Cody grew up in the Okanagan and has a passion for the outdoors. He enjoys hiking, camping, rock climbing, and snowboarding and can often be found exploring with his dog Watson.
Wyatt recently graduated with a MSc in Biochemistry and Molecular Biology from UBCO. He is currently working in EMIL in an industry collaboration to develop a device to measure insulin in saliva. He enjoys skiing, rock climbing, and outdoor adventures.
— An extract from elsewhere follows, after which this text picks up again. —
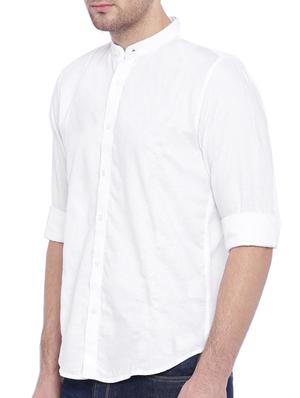 white cotton casual shirt - 14108806 - Standard Image - 2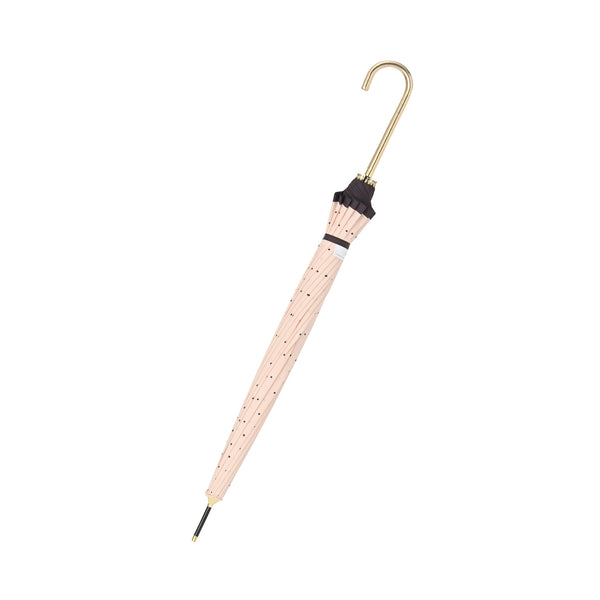 16本骨ピンドット 長傘 55cm ピンク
Helena has completed her undergrad degree in Human Kinetics at UBC Okanagan and has continued on to pursue a MSc with Dr. Little. She completed her Honours project with EMIL which was focused on exploring the effects of ketones on inflammatory signaling and epigenetic changes. In her MSc she is expanding on her previous work. When she is not in the wet lab, Helena spends her spare time skiing, swimming, hiking, and cycling.
Garett is a MSc student in EMIL. His research focus is on the effect of low-carbohydrate diets on beta-cell function in type 2 diabetes. He is a man of mystery and refuses to send me a picture for the website.
Watson is a new addition to EMIL and likes to spend most of his time sleeping on Étienne’s chair. He likes long walks and welcoming everyone who visits the lab. He is without a doubt the coolest and most popular member of the lab.